I am steeling myself for this latest Trump administration memo on gender to spark a wave of vigilante gender injustice. I’m preparing for it. And I’ll be honest: if gender misbehavior is becoming more publicly unacceptable, I’m glad I live in a small town.
It’s the same small town that embraced my great-grand-uncle decades ago as a Hawaiian-shirt-wearing bachelor crank. The same town where the tough, wisecracking, breathtakingly butch lady who delivers my wood fought for (and won) the right to be a good old boy in all but gender. It’s just a few miles over from where Joe Lobdell, born Lucy Ann Lobdell, earned local notoriety as a hunter and a husband more than a hundred years ago, before being involuntarily committed to an insane asylum for his gender crimes. Trans and gender nonconforming people are not a modern phenomenon, or an urban one; they have always been among us.
It seems counterintuitive. This is, after all, red territory. I know many of my friends and neighbors are supremely unbothered by this administration’s fierce crackdown on gender deviance. It gives me a certain amount of despair, knowing that people who are friendly to me in the post office will gleefully vote for pols who are causing direct harm to me, my family and my friends.
But the fact of the matter is: I cherish that post-office friendliness anyway. My small town is not a place where people tend to give you a lot of grief about your personal appearance. When I lived in Boston, casual catcalling, random unsolicited comments on my body and my clothes, and general judginess from strangers were pretty much a constant fact of life. That chronic noise, and the vigilance it requires from a person, are simply not a factor in my life in Margaretville.
I have no doubt that even here, I would be subject to much more gender policing if I were farther outside the circle of public approval. If I weren’t white. If I were male, or a trans woman. If I weren’t from here. If I were a vulnerable teen, with disapproving parents and an inescapably cruel social circle, instead of an adult with autonomy and an established role in the community. If, if, if.
Even so: As a gender nonconformer, I feel safer here than in the city. In fact, I feel downright emboldened. I can bartend in a vest and tie with my hair spiked up to kingdom come, and still get more tips than pursed lips from the amused church lady set. I can handle myself in a room full of good old boys; they’re infuriating, they’re rooting for people who want to tear up my marriage certificate and my trans friends’ passports, but in person, they elbow me in the ribs and crack friendly jokes about my hair.

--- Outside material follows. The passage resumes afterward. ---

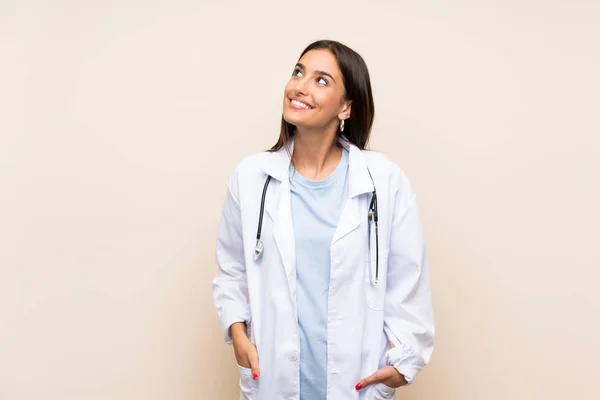 年轻的医生妇女在孤立的背景笑和抬头 — 图库照片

Personal goodwill toward the marginalized people in your life does not absolve you of political callousness to their fate at the hands of authority. It does, however, make their lives easier, on a day-to-day basis. It’s not the world I’d like to live in, but considering the darker alternative, I’ll take it.
If the gender police are going to start cracking down harder, I’m glad I live here, in the rural Catskills. My experience of small-town upstate New York is that — once one has escaped the terrible crucible of school — it is a place where bland glossy-magazine heteronormative attractiveness is not required to earn public respect. A place where one is generally allowed to be a harmless weirdo. A place where people tend to stay the hell off your lawn.
I pray it stays that way.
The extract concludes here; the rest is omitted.